Eventually, you went home to start your life again in North Carolina.  You got a job; you got married; you had children.  You led what most would consider a “normal” American life.  But I’m sure your experience off the coast of the Philippines is on your mind every day.  Why were you chosen to survive while so many others were allowed to die?  What did you do to deserve that kind of a gift?  Horrid scenes of death and dismemberment play again and again in your mind.  You can’t ever unsee what your eyes saw.  I’m sure there are days when it seems that being among the quarter of shipmates who survived is more like a curse than a blessing.

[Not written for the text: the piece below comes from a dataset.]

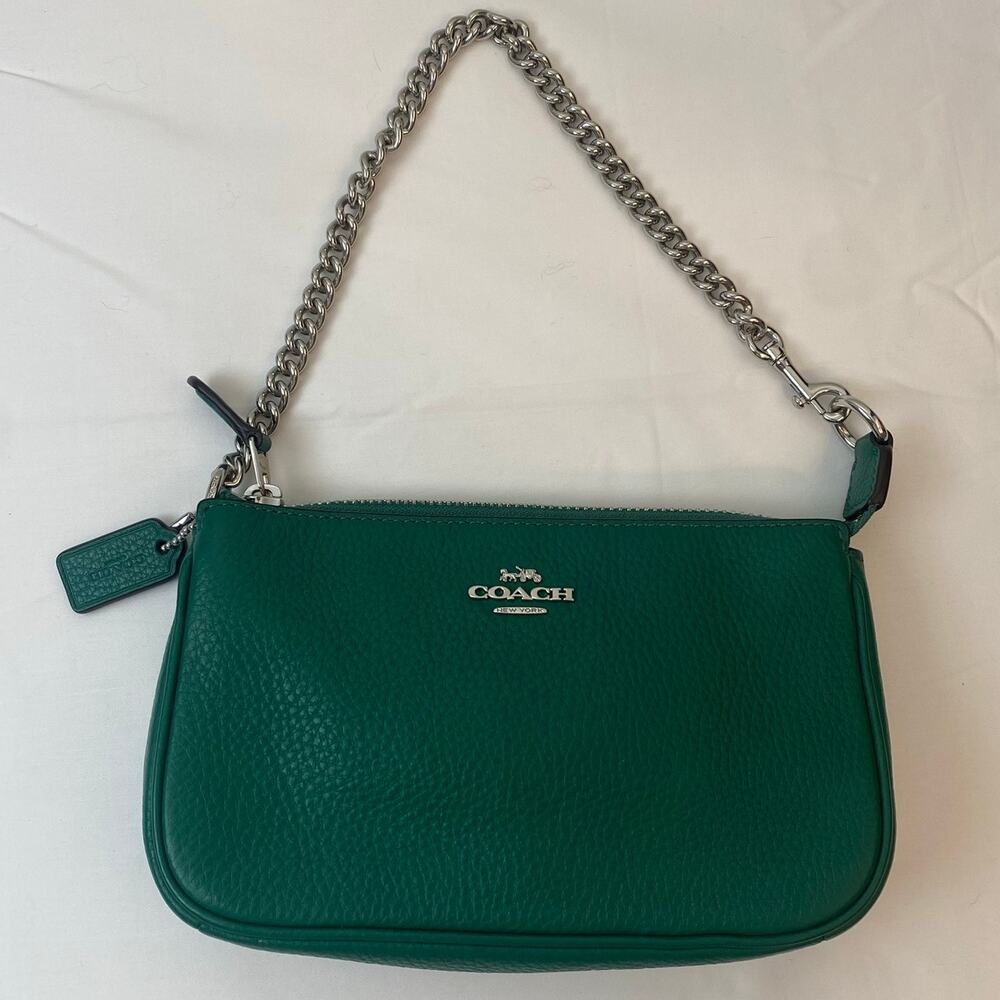 Coach L2154 Nolita 19 Leather Green Shoulder Bag - Pre-Owned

Now, 70 years later, you are an old man with two children nearing retirement age.  They gave you six grandchildren, one of whom I met and married.  She and I went on to have two of your seventeen (and counting) great-grandchildren.  I never knew either of my grandfathers, so you were the closest thing I ever had to one.  We haven’t known each other for long, but I like to think we are kindred spirits.   Neither of us take ourselves too seriously.  I think you and I both fully realize that no one gets out of this life alive.  I remember the first time we played poker together and I “check-raised” you.  “You can get shot doing that in North Carolina,” you said.  Despite what you lived through, you love the ocean and being on a boat.  I’m sure being out there brings you closer to those lost that day.

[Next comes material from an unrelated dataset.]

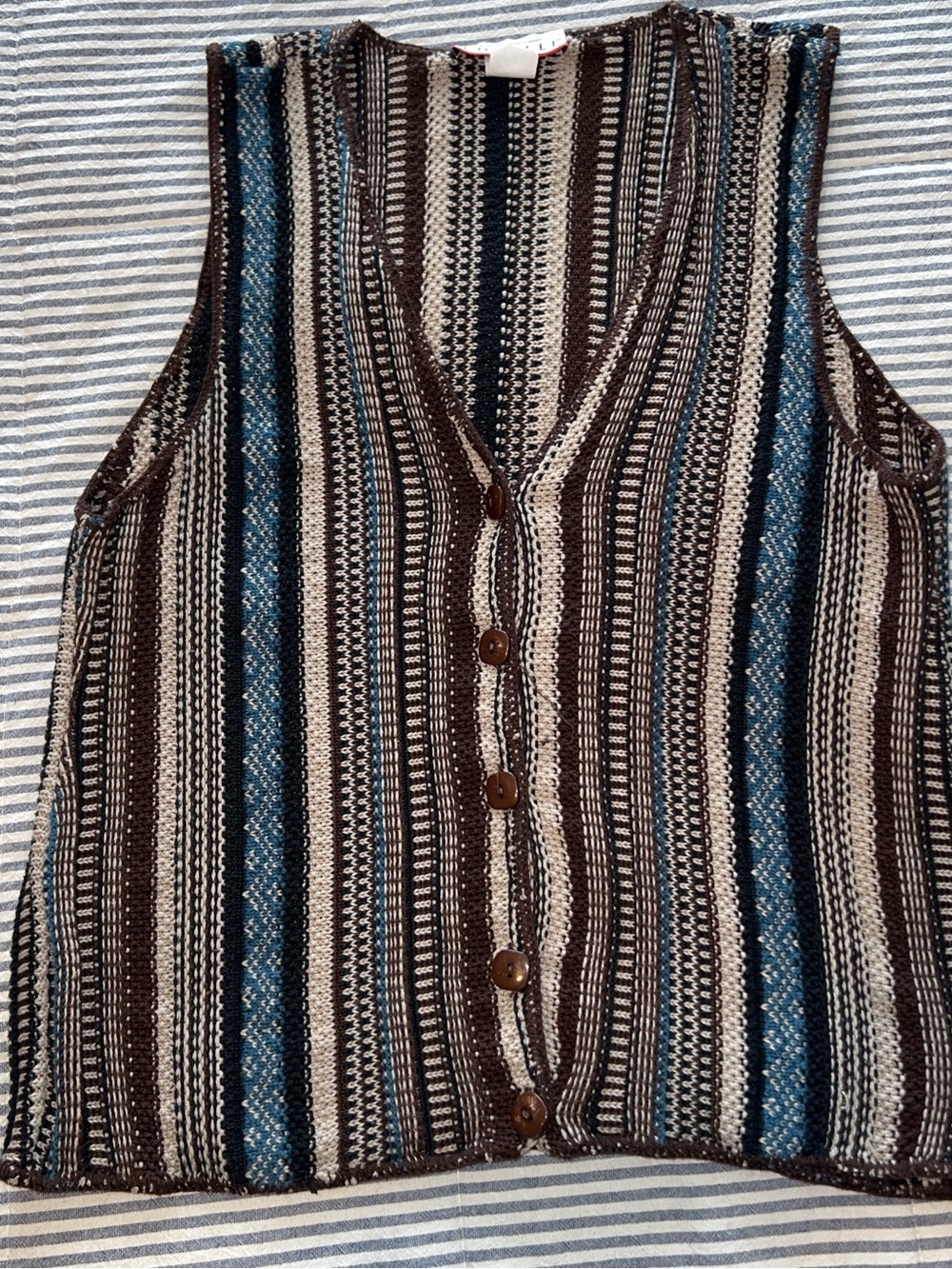 90s Boho Striped Knit Button-Front Vest Eclectic Grandpa Earthy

I hope you realize that my wife and daughters are the three best things in my life.  They wouldn’t be in my life at all if you hadn’t made it off that ship alive.  There are many others in your family who could say the same thing.  I guess what I am saying is this:  for whatever reason – some combination of random luck, good karma, and God’s mercy found you that day so many years ago.  It was a blessing, no doubt.  But it was a blessing which brought a burden for you to carry throughout your life.  I live a life of joy and smiles and laughter because of that day and your willingness to carry the burden.  Thank you.